Print the lines in the listing below that fall between the line with "Bombay HC (Pic Via Wikipedia)" and the line with "Oska vest M, Kleding", those two lines included, exactly as they stand and with nothing else.

--- START ---

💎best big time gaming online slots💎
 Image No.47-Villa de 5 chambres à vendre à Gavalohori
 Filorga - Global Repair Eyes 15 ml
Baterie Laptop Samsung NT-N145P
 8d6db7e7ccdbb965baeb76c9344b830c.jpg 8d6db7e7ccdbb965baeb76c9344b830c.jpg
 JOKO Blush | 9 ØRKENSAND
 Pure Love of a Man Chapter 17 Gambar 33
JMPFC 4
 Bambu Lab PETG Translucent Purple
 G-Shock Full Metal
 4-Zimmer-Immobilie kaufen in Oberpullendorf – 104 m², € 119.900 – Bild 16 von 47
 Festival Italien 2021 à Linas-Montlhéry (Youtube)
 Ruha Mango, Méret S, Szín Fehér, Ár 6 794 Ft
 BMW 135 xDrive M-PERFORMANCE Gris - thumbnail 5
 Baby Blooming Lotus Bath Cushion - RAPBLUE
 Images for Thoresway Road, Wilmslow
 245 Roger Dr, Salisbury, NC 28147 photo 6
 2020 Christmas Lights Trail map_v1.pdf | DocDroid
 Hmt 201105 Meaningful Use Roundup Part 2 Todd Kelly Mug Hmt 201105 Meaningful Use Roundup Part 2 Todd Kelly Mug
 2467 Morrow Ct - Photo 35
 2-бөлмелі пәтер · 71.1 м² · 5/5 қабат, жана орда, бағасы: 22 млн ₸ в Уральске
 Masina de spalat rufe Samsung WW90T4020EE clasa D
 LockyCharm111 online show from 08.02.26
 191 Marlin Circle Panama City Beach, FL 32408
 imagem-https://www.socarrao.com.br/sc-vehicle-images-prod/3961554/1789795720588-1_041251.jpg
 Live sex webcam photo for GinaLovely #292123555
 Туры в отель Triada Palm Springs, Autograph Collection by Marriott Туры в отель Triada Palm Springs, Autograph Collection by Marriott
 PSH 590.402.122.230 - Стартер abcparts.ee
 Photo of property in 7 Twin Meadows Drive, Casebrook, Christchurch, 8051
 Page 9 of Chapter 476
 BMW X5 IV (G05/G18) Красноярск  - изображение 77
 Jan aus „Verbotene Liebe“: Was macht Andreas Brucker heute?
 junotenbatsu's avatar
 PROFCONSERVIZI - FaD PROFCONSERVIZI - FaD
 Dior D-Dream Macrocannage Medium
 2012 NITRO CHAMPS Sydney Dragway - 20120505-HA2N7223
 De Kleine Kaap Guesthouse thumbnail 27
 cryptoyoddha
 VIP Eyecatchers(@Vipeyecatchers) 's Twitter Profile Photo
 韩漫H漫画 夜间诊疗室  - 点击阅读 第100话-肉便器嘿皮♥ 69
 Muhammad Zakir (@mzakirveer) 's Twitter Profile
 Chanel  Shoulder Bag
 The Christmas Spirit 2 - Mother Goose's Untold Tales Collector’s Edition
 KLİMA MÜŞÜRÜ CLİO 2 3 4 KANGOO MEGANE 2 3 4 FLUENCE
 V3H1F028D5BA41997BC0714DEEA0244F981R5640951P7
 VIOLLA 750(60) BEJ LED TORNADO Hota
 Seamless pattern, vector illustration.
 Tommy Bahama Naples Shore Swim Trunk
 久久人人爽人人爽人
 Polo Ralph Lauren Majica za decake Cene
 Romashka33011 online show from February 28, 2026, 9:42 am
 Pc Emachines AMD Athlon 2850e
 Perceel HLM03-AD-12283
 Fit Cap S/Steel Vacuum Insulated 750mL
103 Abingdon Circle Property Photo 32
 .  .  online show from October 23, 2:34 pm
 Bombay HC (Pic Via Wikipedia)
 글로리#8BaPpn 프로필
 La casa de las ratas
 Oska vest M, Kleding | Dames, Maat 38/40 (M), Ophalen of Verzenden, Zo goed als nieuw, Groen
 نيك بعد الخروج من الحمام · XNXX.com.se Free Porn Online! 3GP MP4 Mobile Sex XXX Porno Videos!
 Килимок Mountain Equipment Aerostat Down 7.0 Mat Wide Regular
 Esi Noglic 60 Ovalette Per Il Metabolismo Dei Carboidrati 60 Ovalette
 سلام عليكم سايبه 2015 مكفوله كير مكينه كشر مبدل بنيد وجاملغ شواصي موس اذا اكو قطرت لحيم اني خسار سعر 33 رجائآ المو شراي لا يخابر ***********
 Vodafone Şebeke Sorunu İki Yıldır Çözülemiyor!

--- END ---

### Solution
 Bombay HC (Pic Via Wikipedia)
 글로리#8BaPpn 프로필
 La casa de las ratas
 Oska vest M, Kleding | Dames, Maat 38/40 (M), Ophalen of Verzenden, Zo goed als nieuw, Groen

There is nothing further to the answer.